[Haskell-cafe] Searching of several substrings (with Data.Text ?)

2011-07-05 Thread Tillmann Vogt

Hi,

For my font library I need A function that can handle ligatures. It can 
be explained best with an example:


f  [Th, ff, fi, fl, ffi]  The fluffiest bunny

should be evaluated to

[Th, e,  , fl, u, ffi, e, s, t,  , b, u, n, 
n, y ]


I looked at Data.Text 
http://hackage.haskell.org/packages/archive/text/0.5/doc/html/Data-Text.html
and 
http://hackage.haskell.org/packages/archive/stringsearch/0.3.3/doc/html/Data-ByteString-Search.html


but they don't have a function that can search several substrings in one 
run.
I guess that searching a text again and again for every substring is not 
very efficient and it can be done in one run.
Although I may figure this out myself I think such a function could be 
so common that someone has done it or can give me some tips.


Thanks

___
Haskell-Cafe mailing list
Haskell-Cafe@haskell.org
http://www.haskell.org/mailman/listinfo/haskell-cafe


Re: [Haskell-cafe] Searching of several substrings (with Data.Text ?)
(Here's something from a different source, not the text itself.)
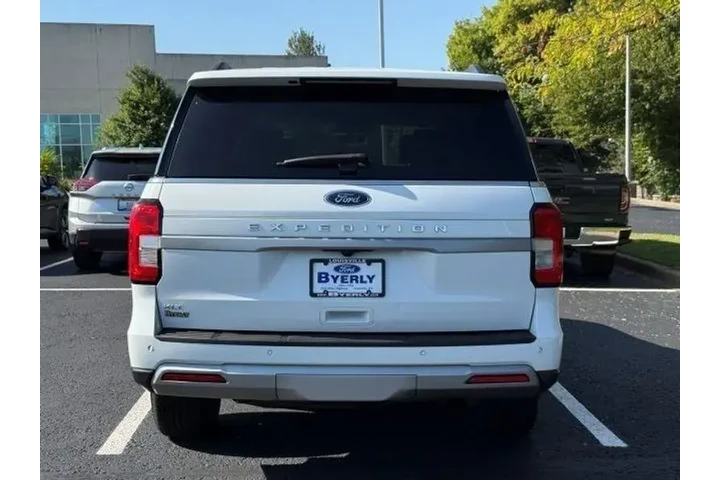 $39923 : Ford Expedition 2024 4x4 XLT image 5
2011-07-05 Thread Johannes Waldmann
 ... a function that can search several substrings in one run.

use regular expressions? (the regexp can be compiled
into a finite automaton that scans the string just once.)




___
Haskell-Cafe mailing list
Haskell-Cafe@haskell.org
http://www.haskell.org/mailman/listinfo/haskell-cafe


Re: [Haskell-cafe] Searching of several substrings (with Data.Text ?)

2011-07-05 Thread Daniel Fischer
On Tuesday 05 July 2011, 20:01:26, Tillmann Vogt wrote:
 Hi,
 
 For my font library I need A function that can handle ligatures. It can
 be explained best with an example:
 
 f  [Th, ff, fi, fl, ffi]  The fluffiest bunny
 
 should be evaluated to
 
 [Th, e,  , fl, u, ffi, e, s, t,  , b, u, n,
 n, y ]
 
 I looked at Data.Text
 http://hackage.haskell.org/packages/archive/text/0.5/doc/html/Data-Text.
 html and
 http://hackage.haskell.org/packages/archive/stringsearch/0.3.3/doc/html/
 Data-ByteString-Search.html
 
 but they don't have a function that can search several substrings in one
 run.

Well, Data.ByteString[.Lazy].KarpRabin does provide simultaneous search for 
multiple substrings - it does not, however, provide direct splitting.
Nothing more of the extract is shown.